OnlineStats docs have this example:

x = randn(100_000, 10)
y = x * linspace(-1, 1, 10) + randn(100_000)
o = StatLearn(10, .5 * L2DistLoss(), L1Penalty(), fill(.1, 10), SGD())
s = Series(o)
fit!(s, x, y)

But my real data is on a csv file and it’s very big, sometimes larger than memory. How can I tell fit! to use the data directly from the disk without first loading everything on memory?

Imagine I create this data and I save it on a file called mydata.csv:

N=30000
x1 = repeat(1:N, outer=N)
x2 = repeat(1:N, inner=N)
x3 = sqrt.(repeat(1:N^2))
x1x2 = x1 .* x2
gg = repeat(1:5,inner=div(N^2,5))
y = 1 .- 2 x1 + 3 x2 + 0.5*x1x2 + rand(N^2) + x3.*rand(N^2)
data = DataFrame(x1=x1, x2=x2, x3=x3, x1x2=x1x2, y=y,gg=gg)
categorical!(data, :gg)

And I want to fit it as if was using the command

fit(LinearModel, @formula(y ~ x1+x2+x3+x1x2+gg), data)

but I want to do it loading the data directly from mydata.csv,
how would you do it?

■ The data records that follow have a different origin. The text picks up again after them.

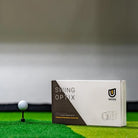 uneekor swing optix cameras box shot on top of hitting mat next to tee with ball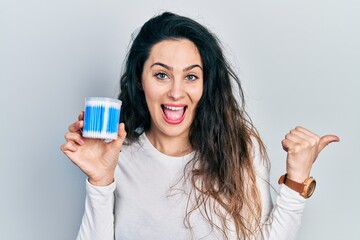 Young hispanic woman holding earwax cotton remover pointing thumb up to the side smiling happy with open mouth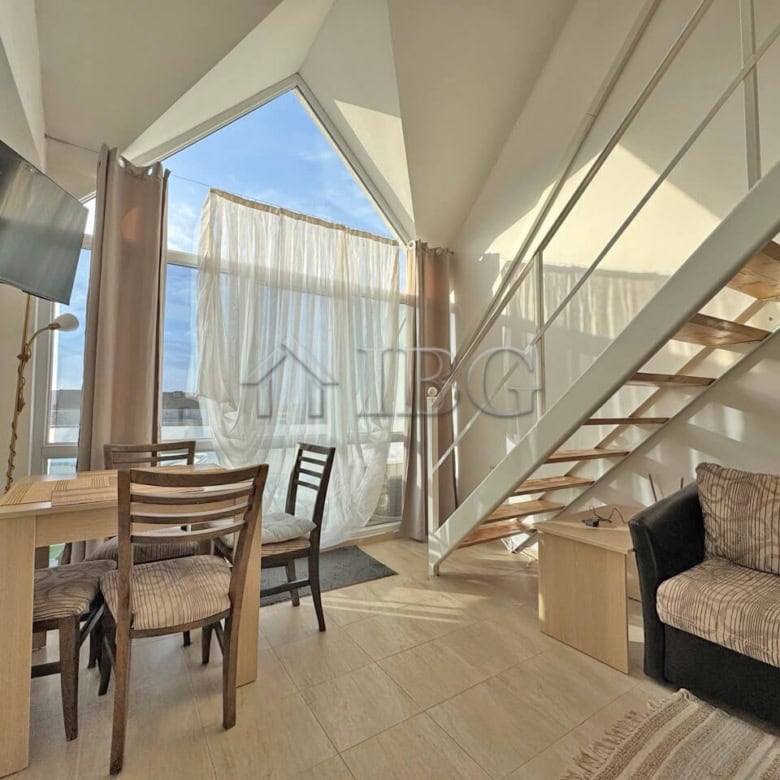 Bright living area with large windows and modern furnishings.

It doesn’t fit on memory. I don’t know how to create a stream or however you call it.


#2
  • LinReg is exact regression.

  • Everything StatLearn does is approximate.

  • LinRegBuilder is a more general version of LinReg.

  • StatLearn has many algorithm options: SGD, ADAGRAD, ADAM, ADAMAX, RMSPROP, MSPI, …

  • StatLearn will be faster, LinReg will be more correct. For linear regression I would use LinReg. For logistic regression your only option (in OnlineStats) is StatLearn(p, LogitMarginLoss()).

  • You can repeatedly fit! an OnlineStats object on new batches of data, but OnlineStats is agnostic on how you get your data into Julia. It doesn’t have helpers for streaming a CSV file.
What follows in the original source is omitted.